“Este teu olhar quando encontra o meu / fala de umas coisas que eu não posso acreditar”
"Tom Jobim"
"Tom Jobim"
Disse, certa vez, um professor de
judô a seu aluno: “Quando lutar perceba que
está lutando contra você mesmo. Os únicos adversários são seus próprios medos.
E se lutar contra o outro lutador, vai perder mesmo que ganhe a disputa.
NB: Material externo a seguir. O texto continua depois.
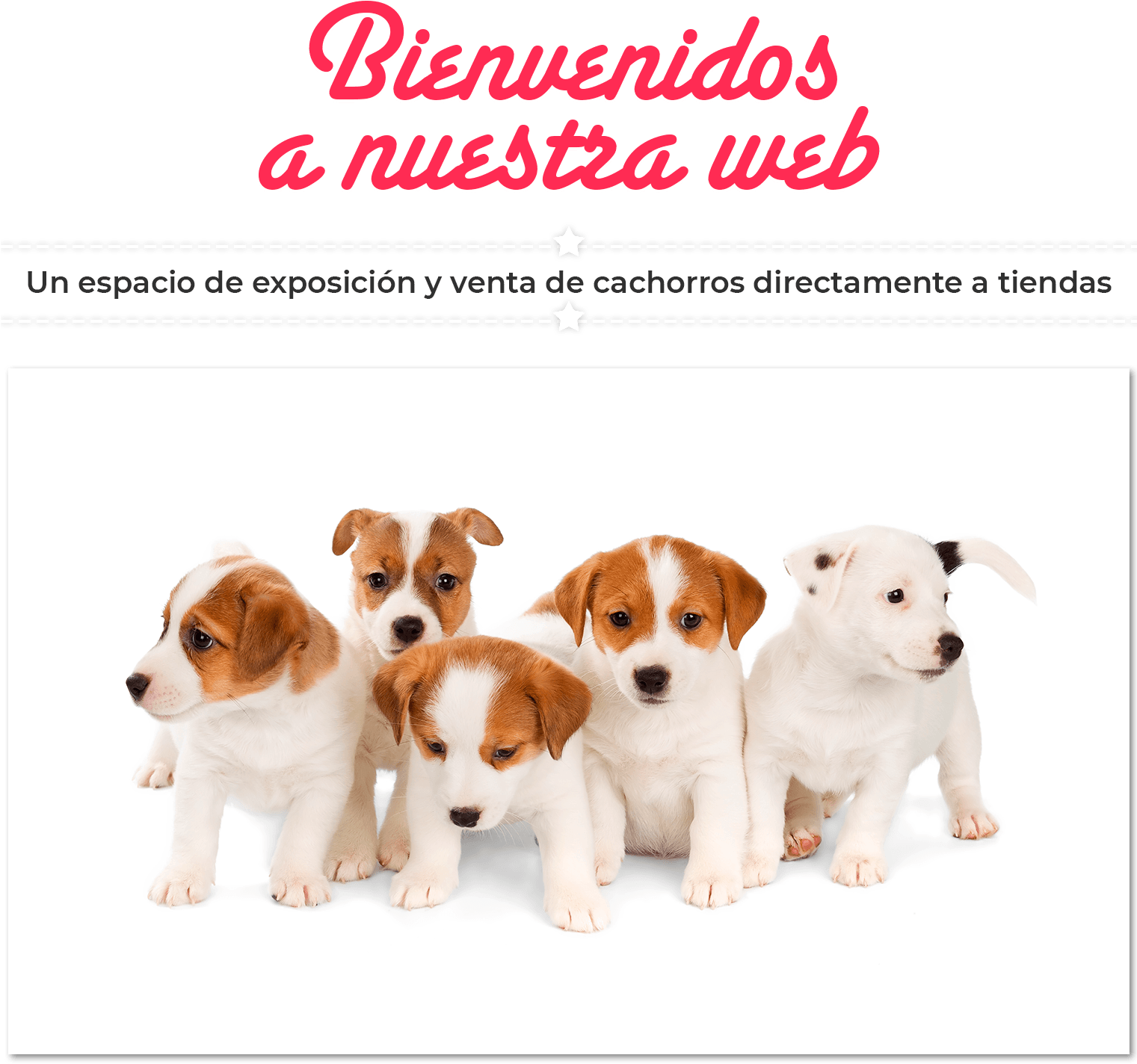 Imagen De Bienvenida A La Web De Dismucan - Jack Russell Terrier (1520x1520), Png Download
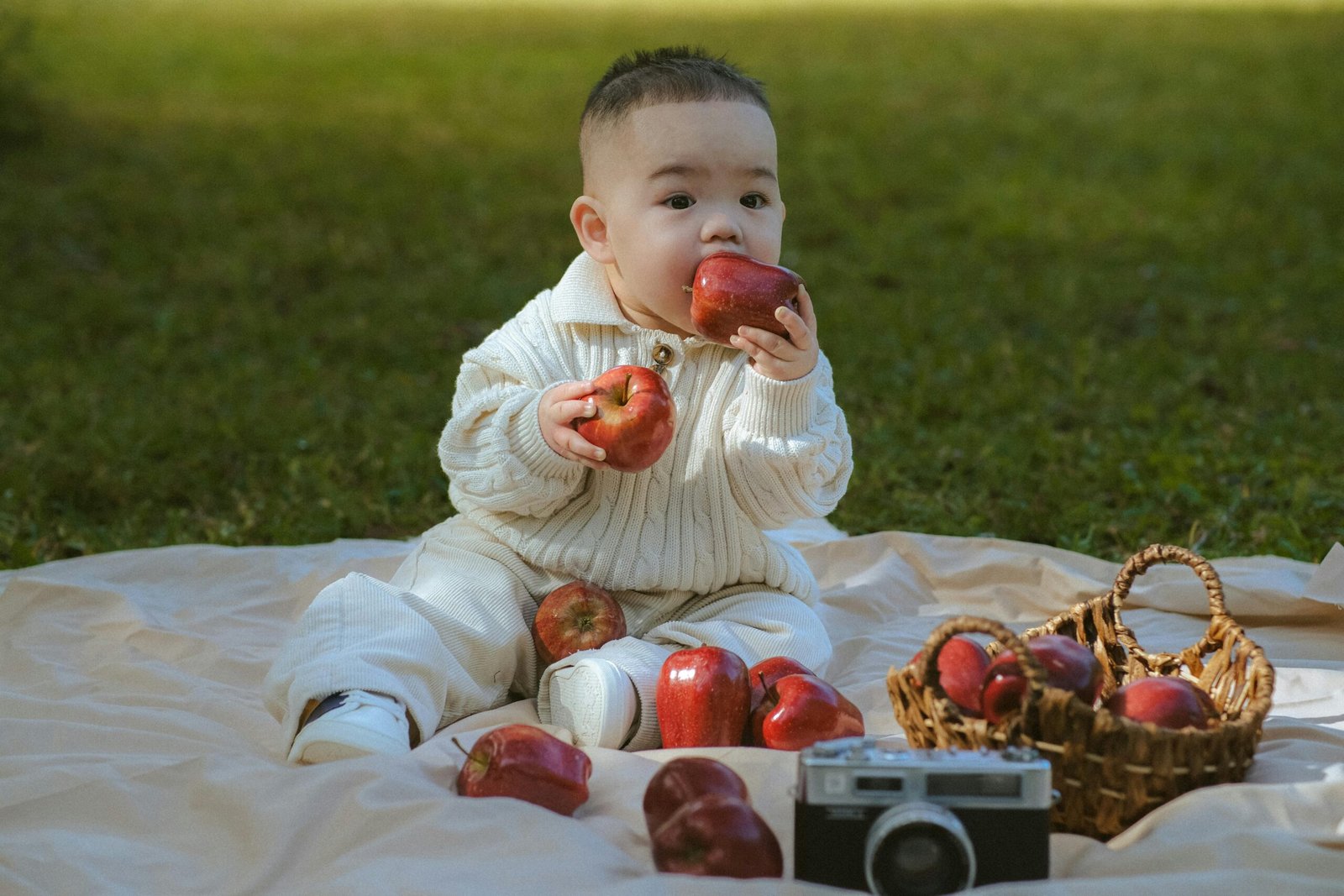 Bebê sentado em piquenique ao ar livre segurando maçã, representando alimentação saudável e natural para bebês e crianças.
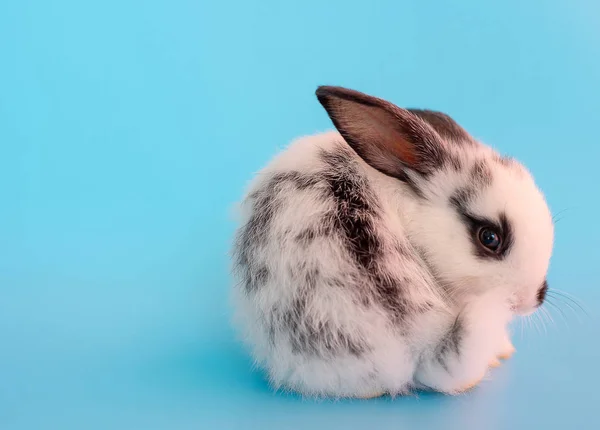 Liten Bedårande Svart Och Vit Kanin Med Olika Åtgärder Blå — Stockfoto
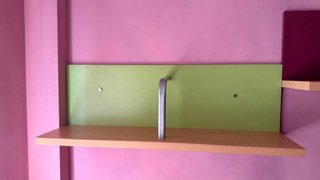 Cama nido y escritorio mas dos estanterias.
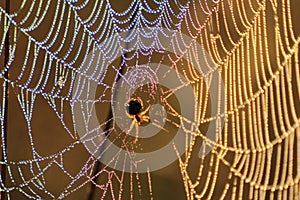Spider web.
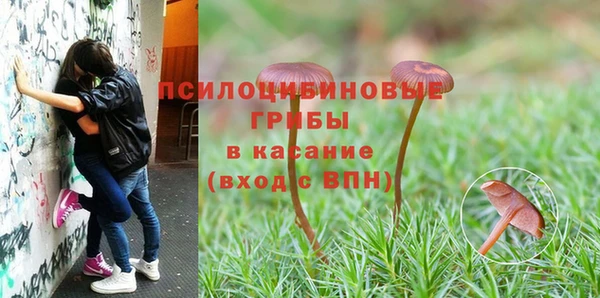 гашиш Касимов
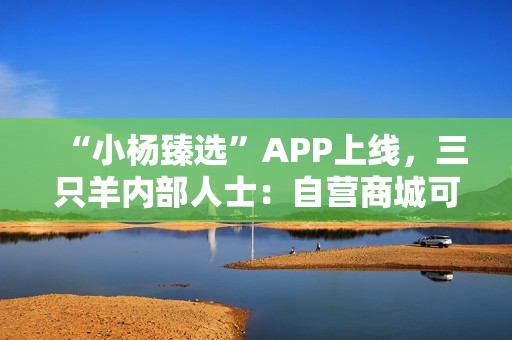 “小杨臻选”APP上线，三只羊内部人士：自营商城可更好地服务消费者，复播正准备中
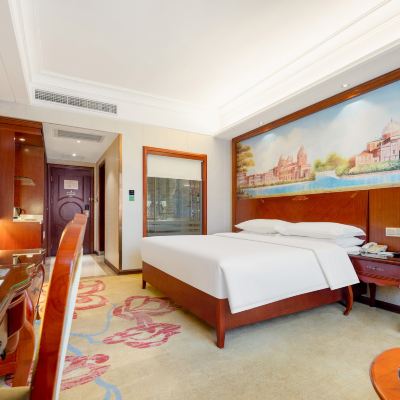 豪華雙拼房（滾來滾去特大床） 維也納國際酒店（鹿寨店）優惠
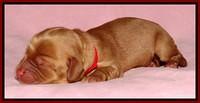 Sky Flicker pups newborn151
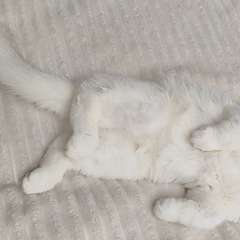 Фото отзыва 11274200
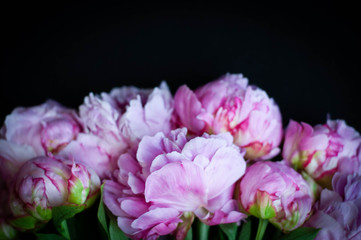 pink peonies on black background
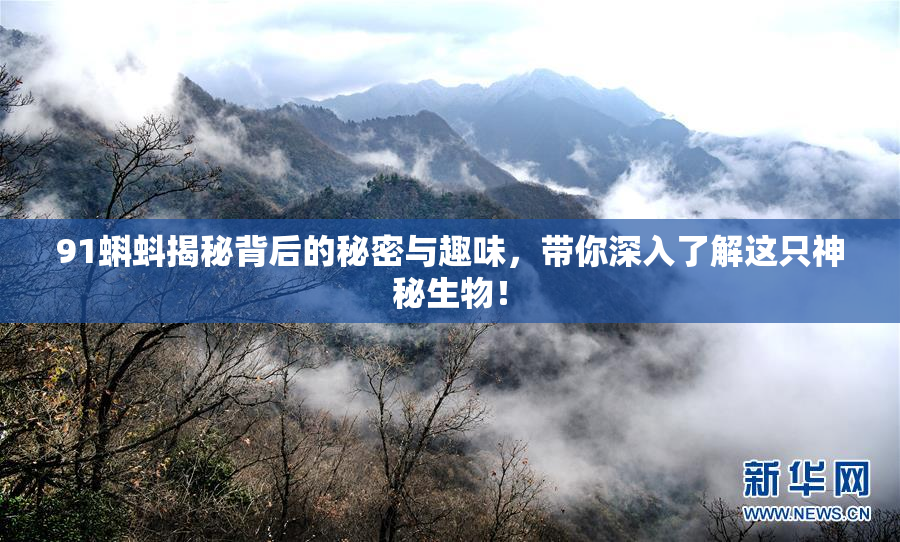 91蝌蚪揭秘背后的秘密与趣味，带你深入了解这只神秘生物！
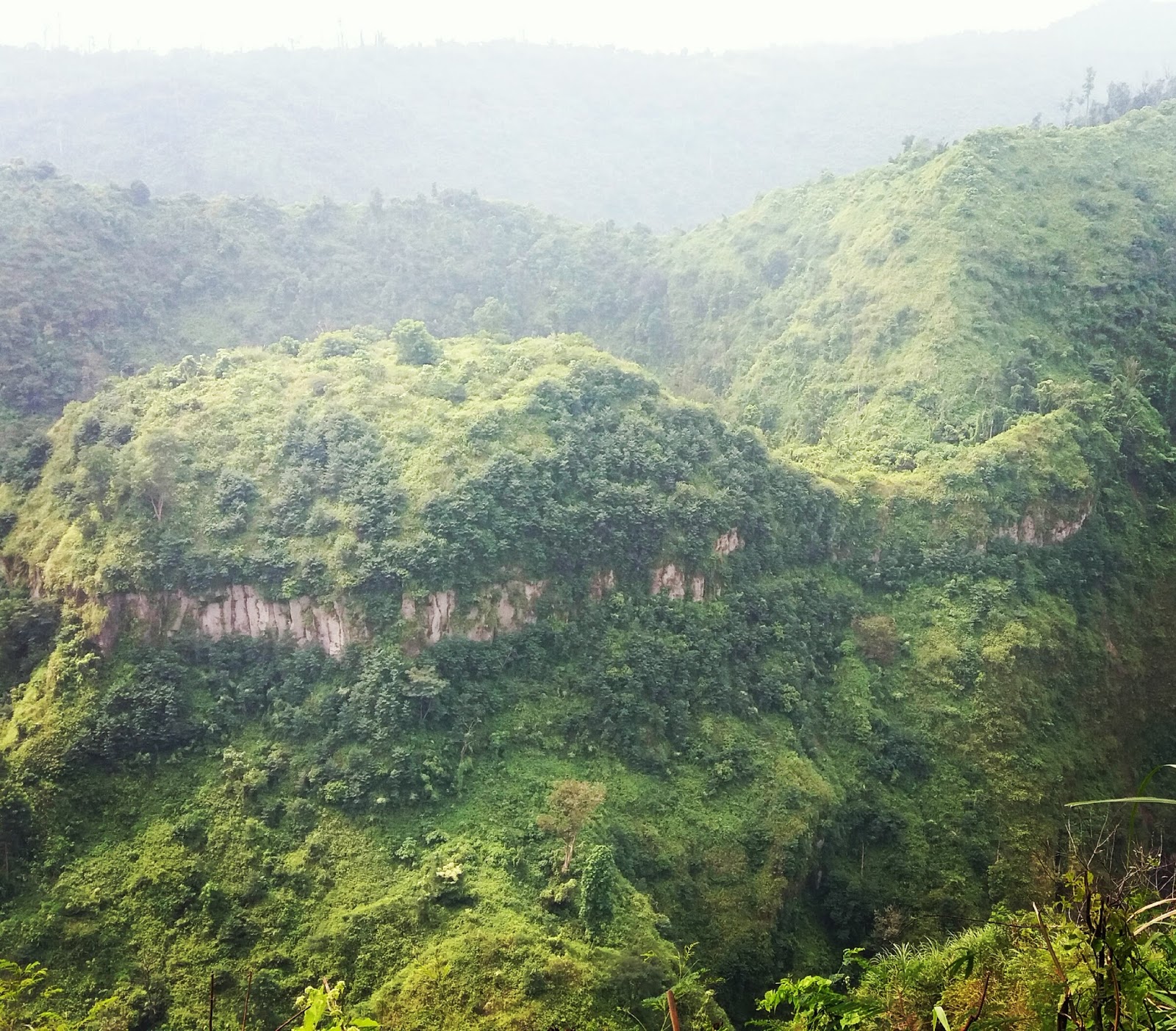 Detail Bukit Kura Kura Nomer 6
Mas se
entender que a sua batalha é contra seus medos, você irá ganhar, não importa qual
seja o resultado do combate contra seu adversário.”
Sartre, no seu livro, “Entre Quatro Paredes”, mostra outra versão da metáfora INFERNO ― àquela que transparece quando o indivíduo está em relação com o DIFERENTE.
Por que se percebe o OUTRO como se
fosse um INFERNO?
Porque o relacionamento com o OUTRO
implica na experiência dramática de se ver pelo OLHAR alheio.
Ora, se o OUTRO vê em mim o que não
sou, passo, então, a ser um objeto do desejo dele. Por esse tipo de OLHAR, o EU
vai transformar o TU em um ISSO. Quando o EU acolhe o TU como uma coisa, ou um
ISSO, a única opção que resta no tabuleiro de cartas para o TU, é se retirar,
pois, não existe graça em jogar um jogo cujo resultado foi estabelecido,
previamente, de forma unilateral.
Caio Liudvik, em seu livro, “Sartre e o Pensamento Mítico” (Edições Loyola ― página 161) tem um trecho do diálogo entre Júpiter e Egisto (do mito de Oréstia e Electra) no qual podemos perceber uma pequena amostra do mal estar do homem ao ser definido pelo OUTRO:
JÚPITER:
Vês bem como somos parecidos!
EGISTO:
“Parecidos? Que ironia é essa de
um Deus se dizer parecido a mim. Desde que Reino todos os meus atos e todas as
minhas palavras visam a compor a minha imagem; quero que cada um de meus súditos
a traga em si e que sinta, até mesmo na solidão, meu OLHAR severo pesar sobres
seus pensamentos mais secretos. Mas sou eu a primeira vítima: não me vejo mais
senão como eles me vêem; me inclino sobre o enorme poço de suas almas, e minha
imagem está lá, bem no fundo, ele me repugna e me fascina. Deus Todo-poderoso
que sou eu, senão o MEDO que os outros têm de mim?”.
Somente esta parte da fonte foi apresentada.